====== Information supplied ======
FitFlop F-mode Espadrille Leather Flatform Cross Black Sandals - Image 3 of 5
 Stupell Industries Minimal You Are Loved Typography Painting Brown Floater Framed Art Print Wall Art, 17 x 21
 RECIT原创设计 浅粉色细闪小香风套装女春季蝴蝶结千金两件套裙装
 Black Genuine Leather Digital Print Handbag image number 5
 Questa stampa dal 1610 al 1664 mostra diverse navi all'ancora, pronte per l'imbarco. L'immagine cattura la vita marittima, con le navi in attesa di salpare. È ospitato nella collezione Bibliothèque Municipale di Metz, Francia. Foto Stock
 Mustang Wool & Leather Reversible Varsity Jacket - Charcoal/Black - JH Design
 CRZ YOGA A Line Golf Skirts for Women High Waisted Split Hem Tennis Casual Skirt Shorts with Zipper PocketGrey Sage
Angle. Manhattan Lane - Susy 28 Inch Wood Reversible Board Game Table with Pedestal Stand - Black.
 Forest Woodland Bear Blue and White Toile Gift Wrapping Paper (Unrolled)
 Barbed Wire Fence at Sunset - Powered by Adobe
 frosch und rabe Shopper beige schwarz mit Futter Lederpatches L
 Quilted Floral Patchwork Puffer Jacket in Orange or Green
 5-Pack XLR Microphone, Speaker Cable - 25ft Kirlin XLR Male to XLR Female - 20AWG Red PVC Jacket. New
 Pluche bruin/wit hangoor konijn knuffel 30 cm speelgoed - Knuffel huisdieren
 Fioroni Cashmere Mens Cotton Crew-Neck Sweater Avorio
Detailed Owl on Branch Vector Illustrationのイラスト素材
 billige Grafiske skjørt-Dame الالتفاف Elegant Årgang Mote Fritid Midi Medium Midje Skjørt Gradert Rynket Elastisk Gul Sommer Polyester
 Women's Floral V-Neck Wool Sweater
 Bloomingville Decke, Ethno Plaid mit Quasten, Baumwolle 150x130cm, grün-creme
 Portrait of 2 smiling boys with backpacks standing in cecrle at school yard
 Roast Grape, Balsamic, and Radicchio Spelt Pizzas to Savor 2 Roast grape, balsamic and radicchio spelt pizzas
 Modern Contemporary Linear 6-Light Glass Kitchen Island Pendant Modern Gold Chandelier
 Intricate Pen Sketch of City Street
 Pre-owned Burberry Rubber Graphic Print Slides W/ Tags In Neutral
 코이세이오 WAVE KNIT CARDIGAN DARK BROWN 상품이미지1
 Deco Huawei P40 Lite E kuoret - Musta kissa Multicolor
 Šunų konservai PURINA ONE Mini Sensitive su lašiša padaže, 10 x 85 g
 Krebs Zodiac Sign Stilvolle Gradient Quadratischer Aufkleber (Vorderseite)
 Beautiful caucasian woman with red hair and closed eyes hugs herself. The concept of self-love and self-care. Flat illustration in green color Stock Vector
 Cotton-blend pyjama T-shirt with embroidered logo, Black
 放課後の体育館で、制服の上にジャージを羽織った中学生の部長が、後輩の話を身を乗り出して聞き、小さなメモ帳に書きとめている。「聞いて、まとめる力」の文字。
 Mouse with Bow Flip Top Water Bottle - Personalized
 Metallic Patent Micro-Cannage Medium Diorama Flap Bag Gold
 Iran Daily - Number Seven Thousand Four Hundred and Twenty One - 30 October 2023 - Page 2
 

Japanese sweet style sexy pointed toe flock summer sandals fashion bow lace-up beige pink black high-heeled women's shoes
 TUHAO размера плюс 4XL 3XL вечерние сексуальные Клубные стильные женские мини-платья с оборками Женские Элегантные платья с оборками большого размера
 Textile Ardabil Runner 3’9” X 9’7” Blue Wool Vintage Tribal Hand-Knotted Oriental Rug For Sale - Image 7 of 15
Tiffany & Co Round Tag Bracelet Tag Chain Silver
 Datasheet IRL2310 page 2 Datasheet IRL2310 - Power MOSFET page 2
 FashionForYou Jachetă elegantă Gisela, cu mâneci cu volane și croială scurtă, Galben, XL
======
▶ Aim of the task
Gather each line in the data that holds the string "Stock".

▶ Answer section
 Questa stampa dal 1610 al 1664 mostra diverse navi all'ancora, pronte per l'imbarco. L'immagine cattura la vita marittima, con le navi in attesa di salpare. È ospitato nella collezione Bibliothèque Municipale di Metz, Francia. Foto Stock
 Beautiful caucasian woman with red hair and closed eyes hugs herself. The concept of self-love and self-care. Flat illustration in green color Stock Vector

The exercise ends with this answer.